In the case of packaging PEPs, I have identified a core set of projects whose
involvement I consider essential in assessing any proposals (in particular
the updated metadata standard described in :pep:`426`):
* CPython - masters of distutils, the default Python build system
* setuptools - originators of the dominant 3rd party Python build system
* distribute - popular, recommended (and Python 3 compatible) setuptools
fork (this project and setuptools are in the process of merging back
together)
* pip - Python installer that addresses many of the design flaws in
easy_install
* distlib - distribution tools infrastructure, originally part of distutils2
* PyPI - the central index for public Python packages
In addition, there are other projects whose developers provide valuable
additional perspectives:
* zc.buildout - powerful and flexible application deployment manager
* hashdist/conda - a "software stack" management system, tailored towards
the scientific community, which needs to deal with arcane build
requirements and a large user community that is interested in software
solely as a tool rather than in its own right
* distutils2 - alternate build system that replaces setup.py with setup.cfg
and the last major attempt at bringing order to the Python packaging
ecosystem
* bento - an experimental alternative build system
Why those projects? A few different reasons:
#. Almost all of the listed projects have representatives that are active on
distutils-sig and catalog-sig, the primary mailing lists for discussing
changes that affect the overall Python packaging ecosystem (hashdist/conda
are currently an exception, but I'm hoping that will change at some point).

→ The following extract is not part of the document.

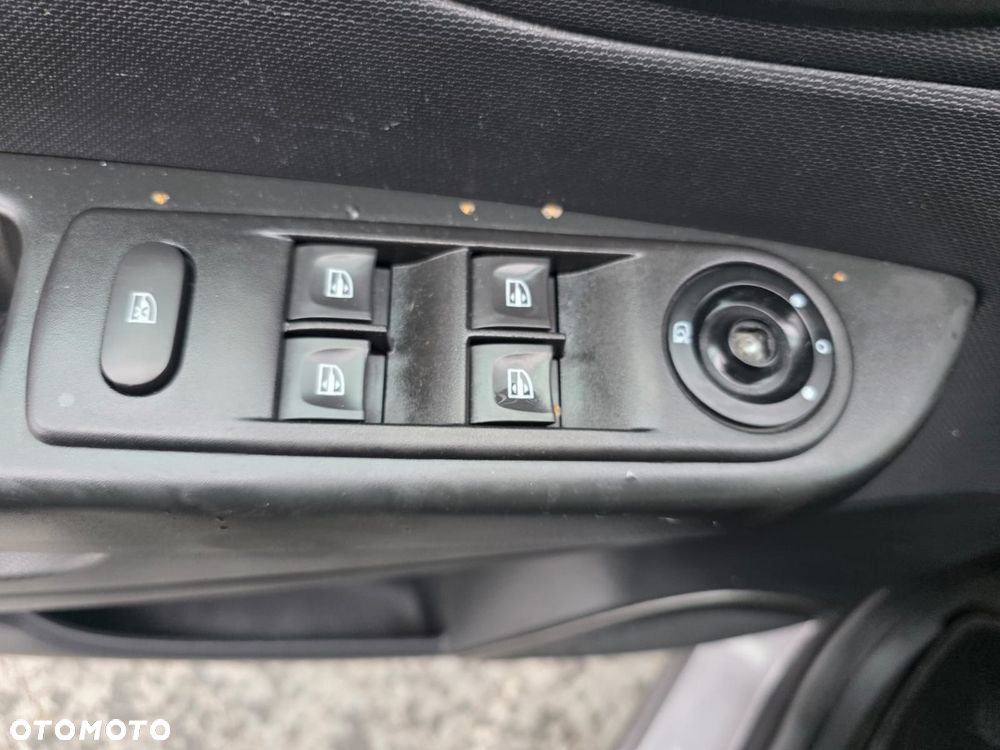 Renault Captur - 17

#. CPython needs to be involved because support for the new standards should
be part of the Python 3.4 standard library (just as it was previously
proposed that distutils2 would be added to the 3.3 standard library).

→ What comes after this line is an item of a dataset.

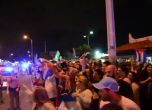 Кубинци в Маями отпразнуваха смъртта на Кастро (видео)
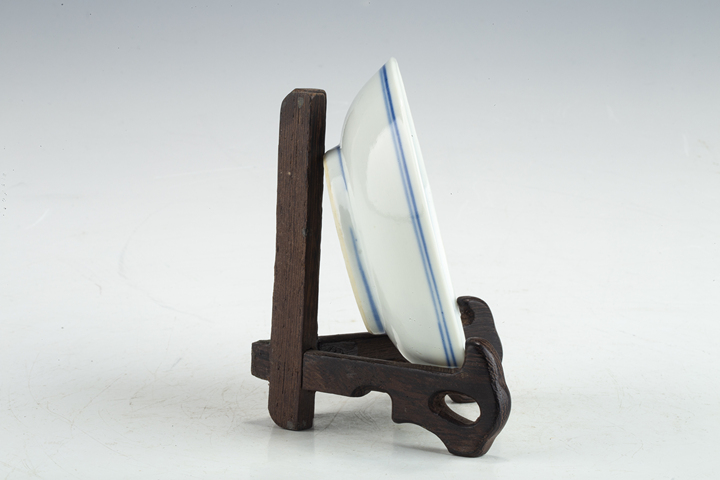 古玩陶瓷民國·青花葡萄紋碟真品鑒賞圖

#. distlib needs to be involved as that is the project to extract the
core distribution management infrastructure from distutils2 that
*almost* made it into Python 3.3. It serves as the reference
implementation for the new metadata format proposed in PEP 426, will
likely be proposed as the basis of any support for the new formats
in Python 3.4, and may hopefully be used as part of other distribution
tools prior to inclusion in the standard library (as a real world
usability test for the API).
#. PyPI needs to be involved, in order to act as an effective and efficient
publisher of the richer metadata set
#. Five of the projects (setuptools, distribute, hashdist, distutils2, bento)
provide build systems that are usable with *current* versions of Python,
rather than requiring an upgrade to Python 3.4. If a new metadata standard
is to see widespread adoption, all of them need to be able to generate it.

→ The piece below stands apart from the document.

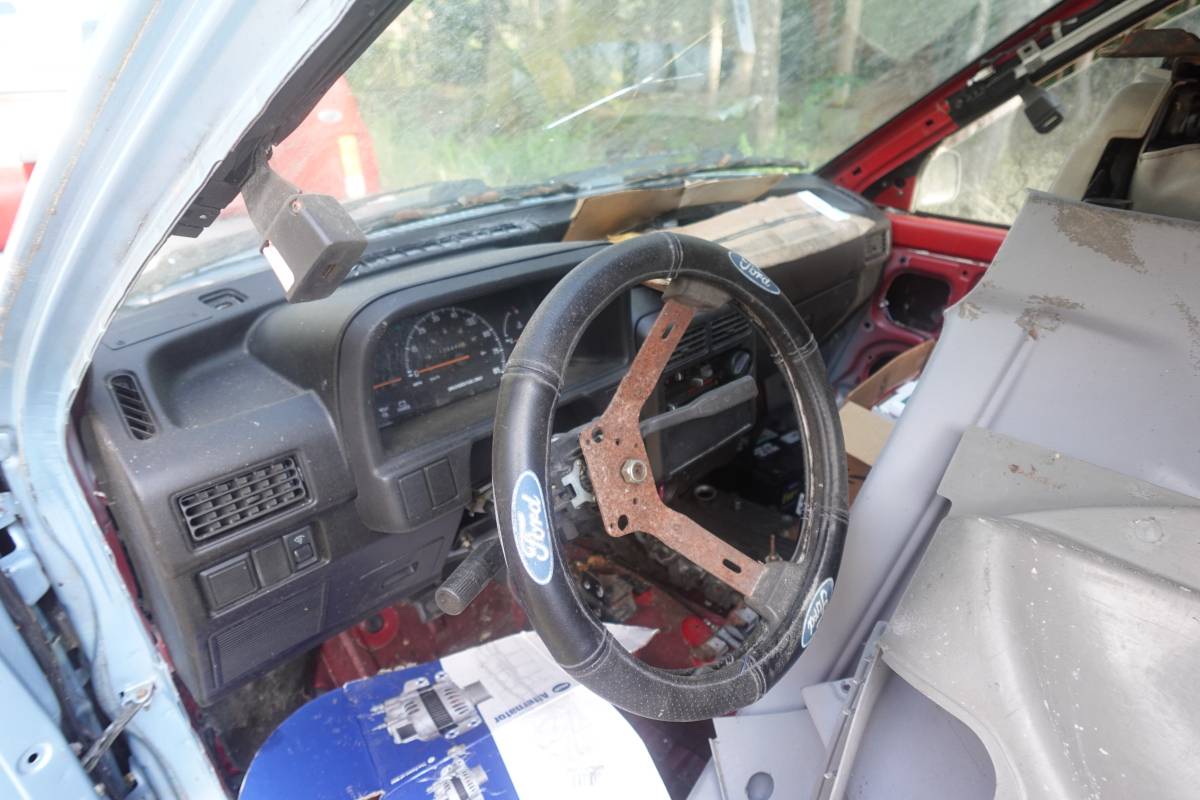 Ford-festiva-1989-6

#. Eight of the projects (setuptools, distribute, pip, zc.buildout,
conda, distutils2, distlib) provide or rely on dependency resolvers and
other tools that consume metadata at installation time. If a new metadata
standard is to see widespread adoption, all of them need to be able to
correctly retrieve and process that metadata from the package index,
source and binary archives, as well as the target installation
environment.
#. Four of the projects (setuptools, distribute, distutils2, distlib)
provide tools for accessing distribution metadata at runtime. If a new
metadata standard is to see widespread adoption, all of them need to be
able to retrieve and process that metadata from the execution environment.
#. Between them, these projects and their derivatives, cover the vast
majority of the current Python packaging ecosystem. If they collectively
endorse an updated metadata standard, it has a good chance of succeeding.
If they reject it, then it really doesn't matter if python-dev nominally
accepts it (and, in fact, python-dev would be wrong to do so, as we have
unfortunately learned the hard way).
The Phases of Distribution
--------------------------
One component severely lacking in the status quo is a well-defined model
of the phases of distribution. An overall packaging system needs to be
able to handle several distinct phases, especially the transitions between
them. For Python's purposes, these phases are:
* Development: working with source code in a VCS checkout
* Source Distribution: creating and distributing a source archive
* Building: creating binary files from a source archive
* Binary Distribution: creating and distributing a binary archive
* Installation: installing files from a binary archive onto the target system
* Execution: importing or otherwise running the installed files
The setuptools distribution covers *all six* of those phases. A key goal
of any new packaging system should be to cleanly decouple the phases and make
it easier for developers to choose the right tool for each phase rather
than having one gigantic project that handles everything internally with
poorly defined data interchange formats. Having a single project handle
everything should still be *possible* (at least for backwards compatibility,
even if for no other reason), it just shouldn't be required.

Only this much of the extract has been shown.